Chicago’s issues all could have been forseen: mediocrity and poor play from starting point guard Rajon Rondo (“starting,” that is, as his demotion has no longer made him that), and a sheer lack of shooting as one of the poorest three-point shooting teams in the Association. Chicago has had spacing issues all season, and the underperformance of Doug McDermott and Nikola Mirotic basically spelled doom before anyone could say “breakout season!” for either of the respective forwards.
Mirotic may eventually find himself on the block, and the Bulls seem all but destined to make a move to shake things up. The formula for winning basketball in this era just is not composed by having poor shooting guards, and Rondo and Dwyane Wade have been that throughout their otherwise very solid careers. Pairing them? That is just a mistake.
Even so, the Bulls are in the thick of things in the Eastern Conference playoff chase. Chicago trails No. 6 Indiana by just two games, and home court advantage in the first round is still in play with No. 4 Washington just 4.5 games ahead. But Chicago has to put the petal to the metal now, and that just has not happened. Fred Hoiberg is reaching new levels of frustration with his team’s offensive futility, and 101.6 points per game just is not enough with the way the NBA has trended towards high scoring play the last few seasons.
Chicago did wisely part ways with Derrick Rose, but addressing the court spacing has to be the primary issue in tinkering with this roster and attempting to put a product on the court that can compete with the hot shooting of other teams both in the East and also the flamethrowing clubs out West like Houston and Golden State. Attaining to that level of play with the Bulls mediocre offensive options hardly even seems possible, but Chicago should be able to hang with a lower-tier team like tonight’s opponent in the Thunder.
Of course, no teams really hang with the Thunder when Russell Westbrook is locked in and playing smart basketball. His averaging of a triple-double has the chance to go down as a major historical achievement, and the only thing standing between Westbrook and an MVP award is the fact that James Harden is similarly lighting it up for a more successful Houston Rockets team.

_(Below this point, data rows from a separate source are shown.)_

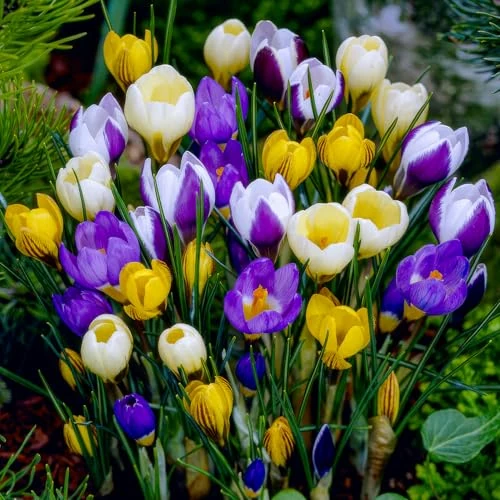 Offerta a tempo: Florium - Crocus Bulbi Collezione Botanica di Fiori (50 Bulbi/5 Varietà), Resistente al Freddo Perenne Miscela dall'Olanda Ideale per un Paradiso Fiorito nel Giardino (nessun seme) - 25% da 23.95 € a 17.95 €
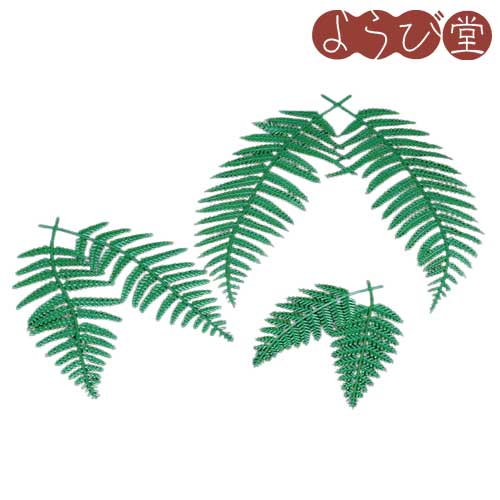 楽天市場】国産 ウラジロ 生【しめ縄飾り】 30cm〜35cm×2枚 : 花の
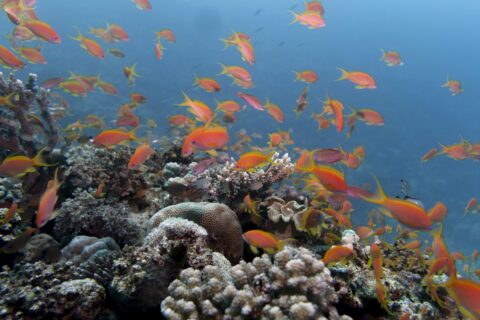 Een wolk oranje anthias boven een rif van harde koralen, in helder blauw water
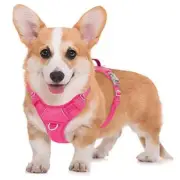 No Pull Dog Harness Large Step in Reflective Dog Harness with Medium Pink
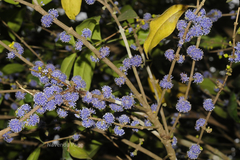 Memecylon talbotianum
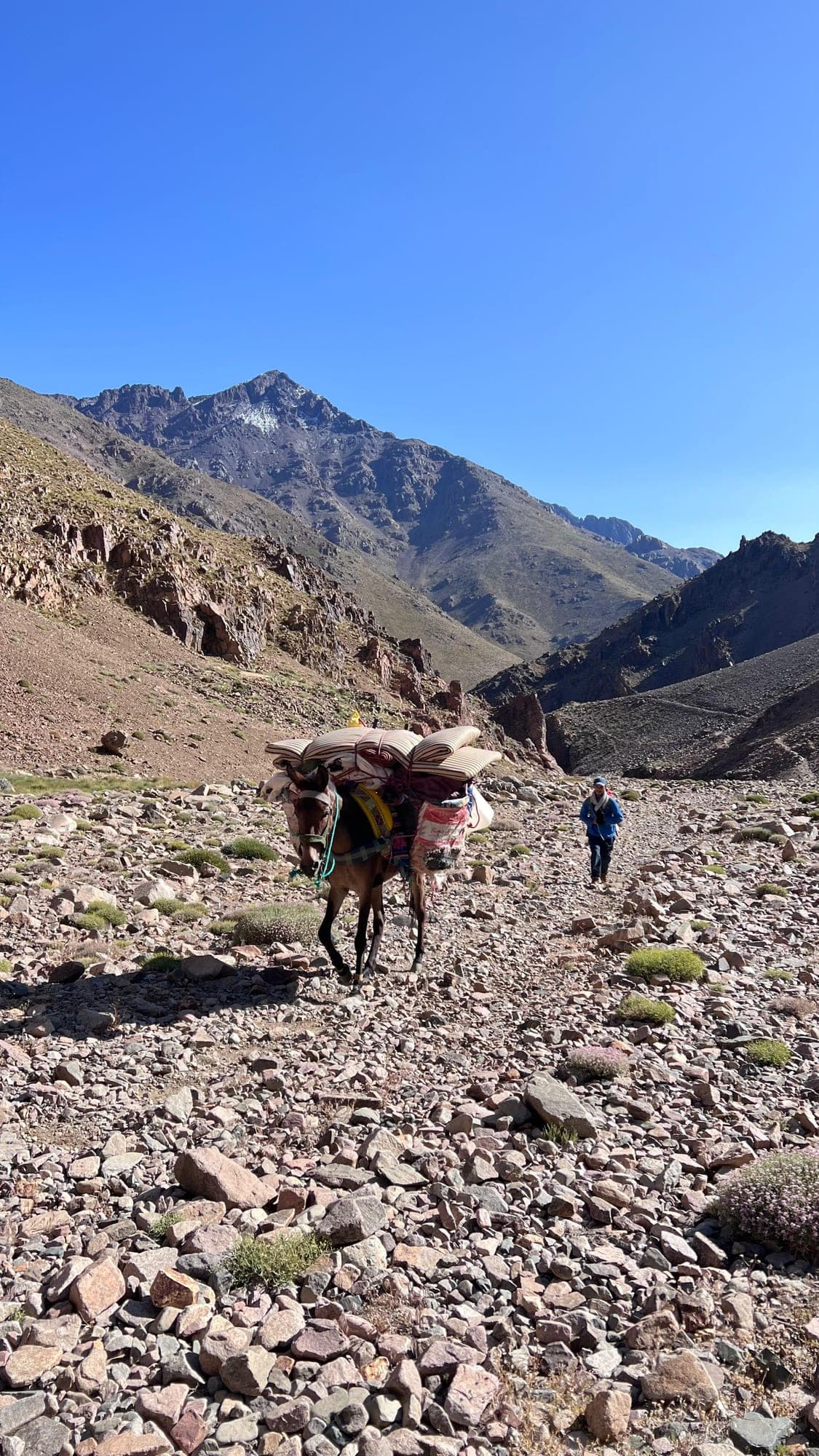 Azzaden-Tal ab Marrakesch — 2-Tage-Trek im Atlasgebirge — trekking tour from Marrakech, Morocco (photo 3)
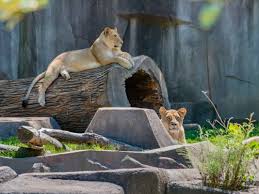 Free Admission For Moms On Mothers Day At Milwaukee Zoo | Wauwatosa, WI  Patch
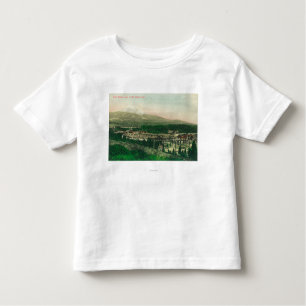 Aerial View of Weed Station at Mt. Shasta Base Toddler T-Shirt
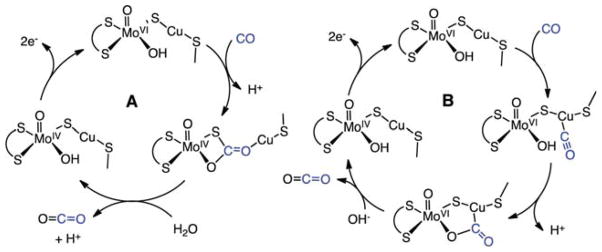 Scheme 3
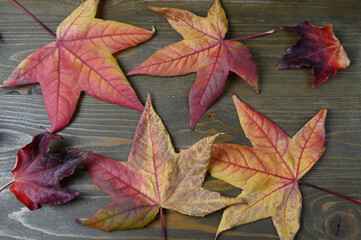Autumn Leaves Clustered on Rustic Wooden Surface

Even so, the Thunder have successfully transitioned out of the Kevin Durant era, and new acquisitions Victor Oladipo and Domantas Sabonis have both been effective additions to the team.
Beyond that, the strong defensive play of Steven Adams and his polar-opposite Enes Kanter has been encouraging. The Thunder have the option even of playing Adams and Kanter together, a twin-tower lineup that has proven itself surprisingly effective. OKC may still need a secondary star, and Oladipo may or may not be that, but the Thunder are undeniably a threat to any elite Western Conference team, even if not any sort of favorite against the true contending teams in the West.
Having a player of Westbrook’s caliber more or less assures that, in many senses. The Bulls will have their hands full with Russ, and given Chicago’s poor play and OKC’s relative-strength at home, this game should go roughly in the manner NBA oddsmakers prognosticate: an OKC win.